Tom Shannon, the State Department's assistant secretary for Western Hemisphere affairs, was in Honduras heading the team of US negotiators who brought representatives of ousted President Manual Zelaya together with agents of the self-declared interim government of Roberto Micheletti.
In remarks monitored in Washington via teleconference, Shannon insisted to reporters that negotiations are the best way to solve the ongoing political crisis and demanded 'political will' from the parties.
'This really isn't a complicated question of negotiation as much as it is a question of expressing political will,' Shannon said.
That expression of political will may include the acceptance that ousted Honduran President Manuel Zelaya not return to power. The United States and the rest of the Organization of American States (OAS) have been demanding his reinstatement since he was ousted by a coup on June 28.
'We - and not just the United States but the rest of the Inter- American community - have constructed these negotiations in a way that the solution be Honduran. And therefore, from my point of view, a deal is a deal: what the Hondurans can determine and sign among themselves we'll accept.'
'President Zelaya should be returned to office. But we recognize that we are operating in an environment in which at the end of the day Hondurans have to make this decision,' Shannon stressed.
He pointed to Zelaya himself as a safety valve for the whole process, which may entail that there is no going back to the pre-coup state of things.
'President Zelaya is represented in this negotiation process, and anything that is agreed to in that is going to be agreed to by President Zelaya.'
Shannon also left open whether the United States would accept the outcome of the November 29 presidential election. The vote had been scheduled before Zelaya's ouster, but Zelaya and the international community now reject the elections' validity since they are being carried under what they see as illegitimate conditions.
Shannon admitted that the Central American country's next government faces a major challenge in the wake of what he saw as the 'real tragedy' of recent events.

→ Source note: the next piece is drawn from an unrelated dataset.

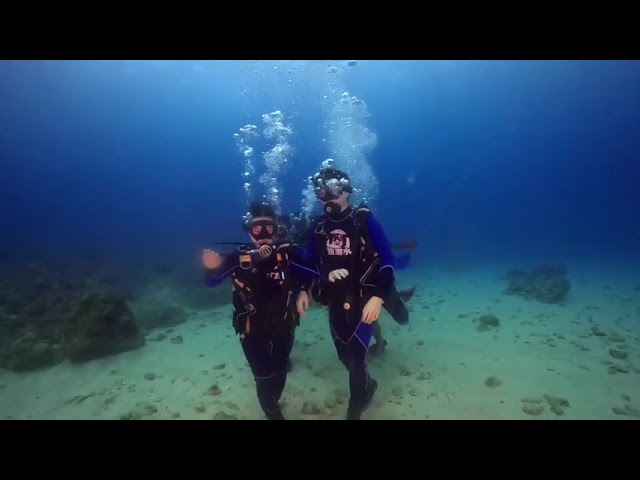 2023.08.11 Bear diving 小琉球熊潛水 - 體驗潛水 - 海底漫步 @林陳三點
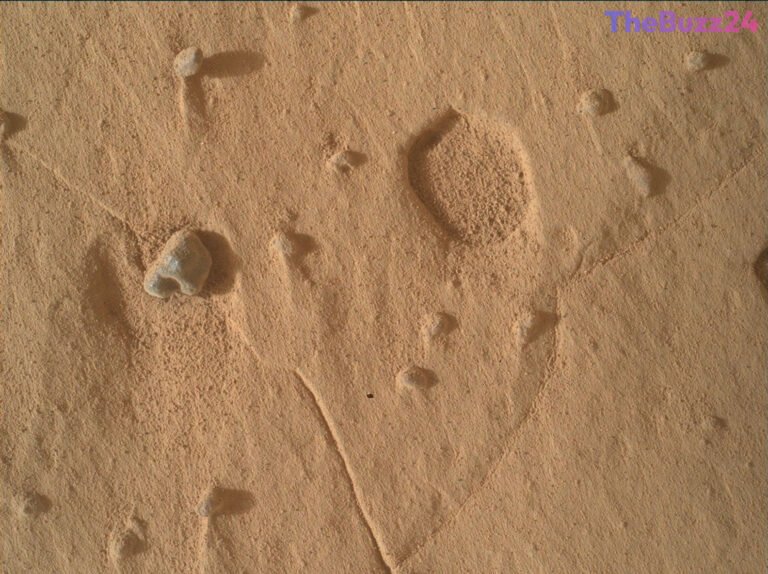 Unexplained Geological Anomalies Detected by Curiosity Rover on Mars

The coup, he noted, reflects not just a given series of events, but 'a larger, a more fundamental problem inside Honduran society, which is going to be addressed by the next government.'
Shannon and the rest of the US delegation arrived in Tegucigalpa Wednesday and had planned to return to Washington Thursday. However, since they were successful in convincing the parties to return to the negotiating table, they decided to extend the visit by one day.